1.2. Baş aç-  tabirinin şikâyet ve beddua manasıyla kullanılması

            Dua ederken baş açma âdetinin aynı zamanda beddua, ilenme, şikâyet  etme manasını kazandığını tarihî kaynaklardan öğreniyoruz. Niğbolu savaşına  katılan haçlı ordusu askerlerinden olup bu savaşta esir düşen, daha sonra  Timur’un ve başka idarecilerin hizmetine geçip 1394-1427 yılları arasında  Anadolu, Mısır, Türkistan, İdil-Ural bölgesi ve Sibirya’yı dolaşan, daha sonra  gördüklerini bir seyahatname şeklinde kaleme alan Johannes Schiltberger şu  bilgiyi vermektedir:

“… Bundan başka Muhammed Müslümanların hiçbirinin , diğerleri yanında ba-şını  açmamasını, ne kral veya imparator, ne de soylu olmayanın önünde başındakini  çıkarmamasını emretmiştir. Onlar da bu emre uyarlar. Fakat kudretli bir kimse  önlerinden geçerken eğilirler ve diz çökerler. İnsan başındakini ancak ölen  baba, ana veya bir arkadaş ise cenaze önünde çıkarmalıdır derler ve böyle de  davranırlar. Eğer bir kimseden davacı iseler, şapkalarını çıkarıp onun önüne  fırlatırlar ve sonra da dava ederler…” (Schiltberger, 160-161).

            Burada verilen bilgi son derece önemlidir.
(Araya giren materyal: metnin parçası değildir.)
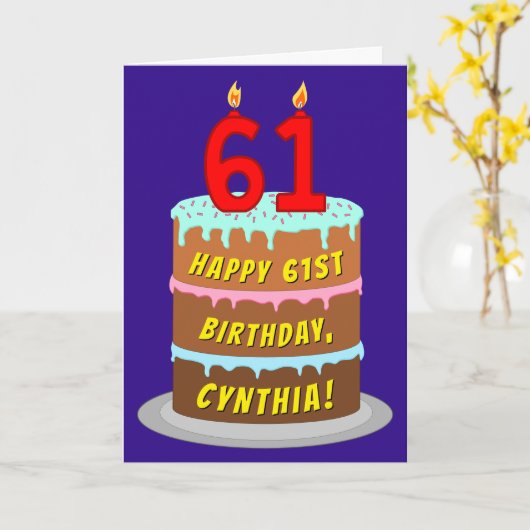 61e verjaardag: Fun Cake and Candles + Custom Name Kaart (Gele Bloem)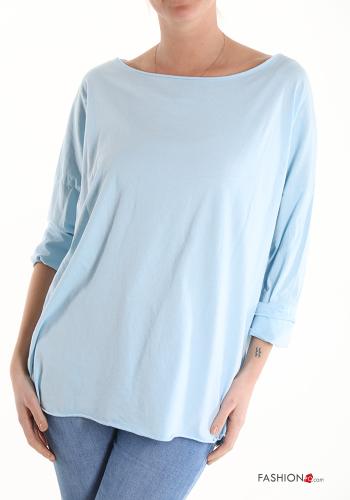  Cotton Long sleeved top boat neckline Light -blue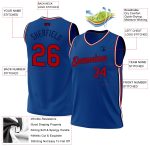Personalized Basketball Jersey Throwback Blue Red-Navy for Fans and Players 2 Personalized Blue Red-Navy Throwback Basketball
Schiltberger, bu âdetin  hangi Müslüman kavimde görüldüğüne açıklık getirmemiş olmakla birlikte, onun  ekseriyetle Türkler arasında bulunduğunu göz önünde tutarak bunun Türkler  arasında mer’î bir âdet olduğuna hükmedebiliriz. Ayrıca XX. yüzyıla ait  kaynaklar da bu hususu desteklemektedir. Bunlardan Onay’ın (s. 68) verdiği  bilgiye göre : “…bilhassa zulüm görenler baş açık ilenirler ki bu hale  Anadolu’da halk arasında çok tesadüf olunur. Meselâ borcunu inkâr eden birine   karşı alacaklı başını açarak bedduada bulunur. Baş açık yapılan gerek dua, gerek  ilenç yüksek sesle yapılır.” Gölpınarlı da “baş açıp ilenmek” deyimini  vermektedir ki, tamamen bu âdetle ilgilidir. Bunun da teslim ve itaat sembolü  olarak baş açma âdetinden kaynaklandığını düşünebiliriz. Zira “şikâyet” güç  itibariyle daha üstün bir mercie yapılıp itaat manasını da zımnen ifade eder. Bu  tür şikâyet etmenin zamanla “beddua etme” manasını kazanmış olduğu tahmin  olunabilir.

            Baş açmak, bir şikâyet ve beddua sembolü olarak Evliya Çelebi  Seyahatnâmesi’nde de geçmektedir:

“Hemân aralarından yüz yaşında bir pîr-i nâtuvan tâbı ve tüvânı kalmamış ol  pîr-i fani baş açup : «İslâmbol veziri çalab Allah kılıcına duş gele,  rahatlığınuñ ve kızanlarınuñ ve kendinüñ devri döne, bu yatan gerçek er demine  hû diyelüm hû!» diyü kabir kurbünde sakin oldılar.” (Seyâhat-nâme, c.II,  133a/17-19).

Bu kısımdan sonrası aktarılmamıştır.